Excerpts from a dataset:

————

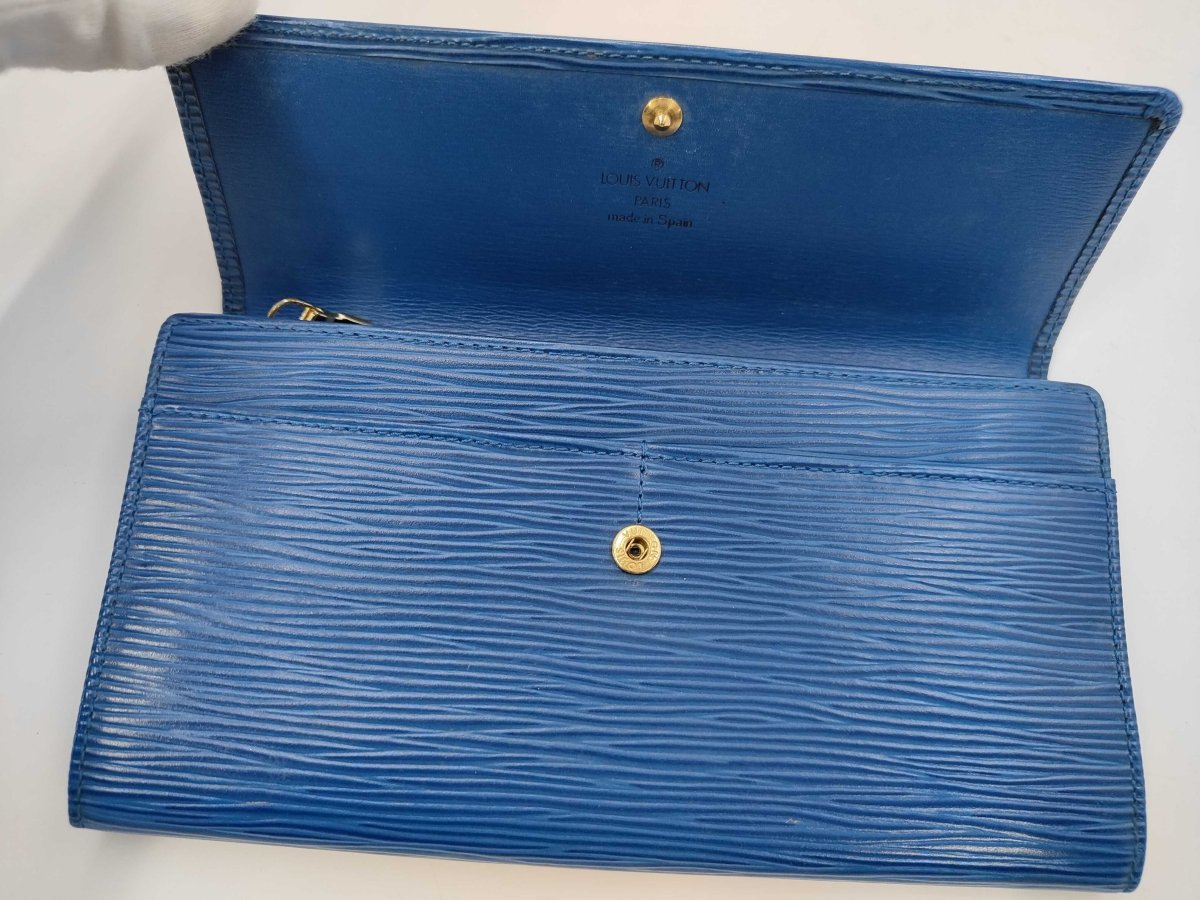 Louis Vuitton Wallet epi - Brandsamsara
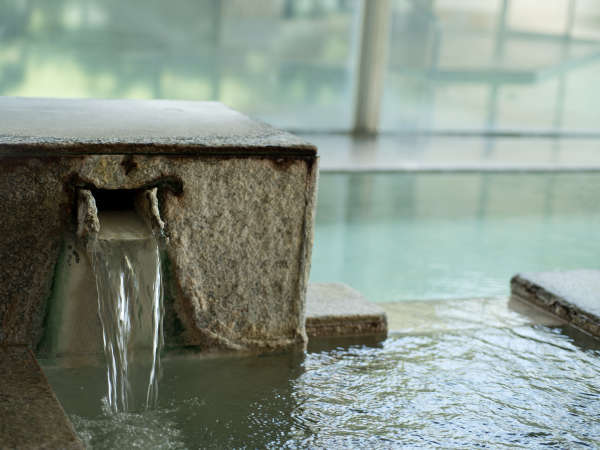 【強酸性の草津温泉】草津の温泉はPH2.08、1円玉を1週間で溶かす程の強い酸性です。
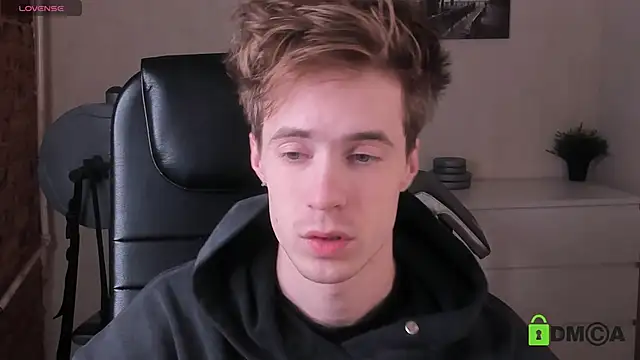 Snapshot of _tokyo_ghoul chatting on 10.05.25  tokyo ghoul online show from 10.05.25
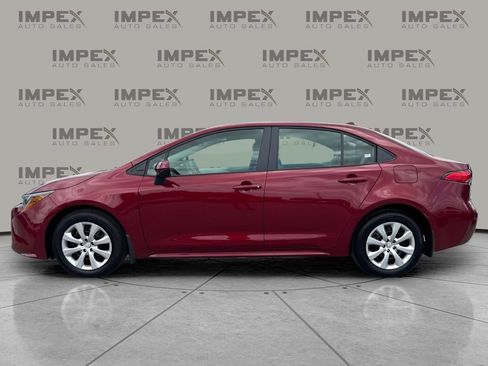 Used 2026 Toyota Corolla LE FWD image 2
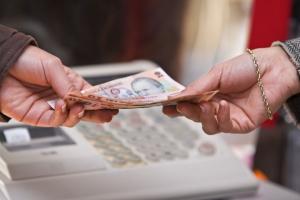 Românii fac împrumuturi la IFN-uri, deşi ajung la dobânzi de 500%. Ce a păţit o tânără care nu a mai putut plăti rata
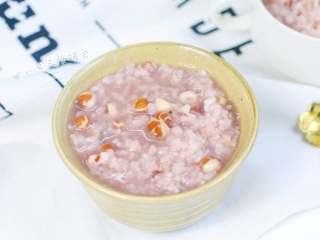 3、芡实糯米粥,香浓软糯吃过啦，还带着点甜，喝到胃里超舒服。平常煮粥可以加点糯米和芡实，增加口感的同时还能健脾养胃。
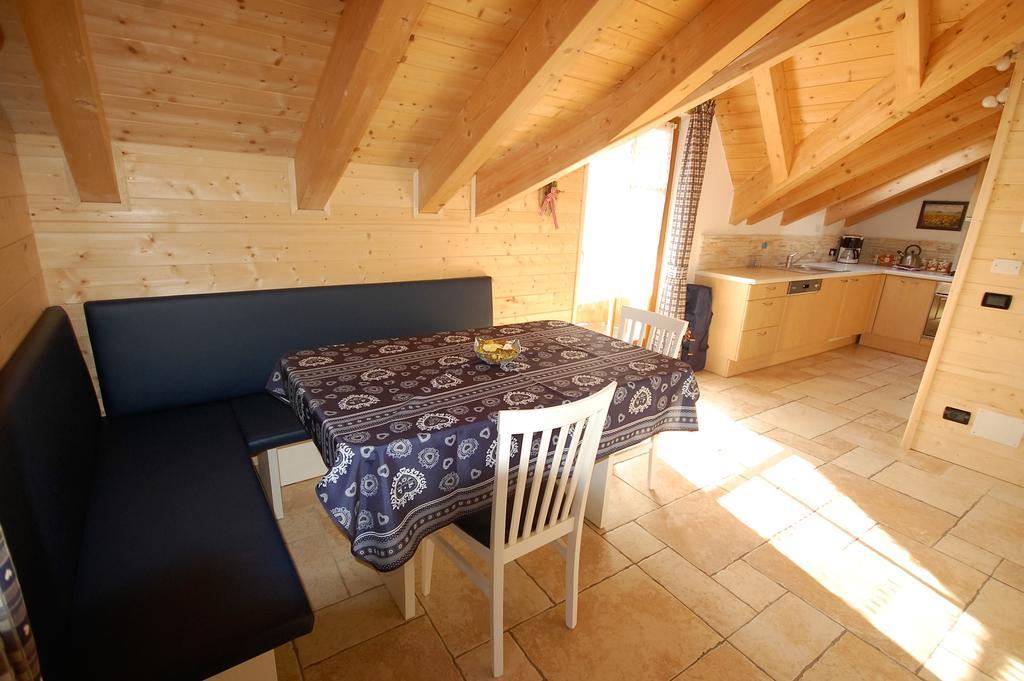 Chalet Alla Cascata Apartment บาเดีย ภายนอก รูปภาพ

————

- EXERCISE BRIEF -
In the records above, find the line containing "Românii fac împrumuturi" and output every line from the first through that one, exactly, omitting pictures.

- SOLUTION FOR THIS PROBLEM -
 Louis Vuitton Wallet epi - Brandsamsara
 【強酸性の草津温泉】草津の温泉はPH2.08、1円玉を1週間で溶かす程の強い酸性です。
 Snapshot of _tokyo_ghoul chatting on 10.05.25  tokyo ghoul online show from 10.05.25
 Used 2026 Toyota Corolla LE FWD image 2
 Românii fac împrumuturi la IFN-uri, deşi ajung la dobânzi de 500%. Ce a păţit o tânără care nu a mai putut plăti rata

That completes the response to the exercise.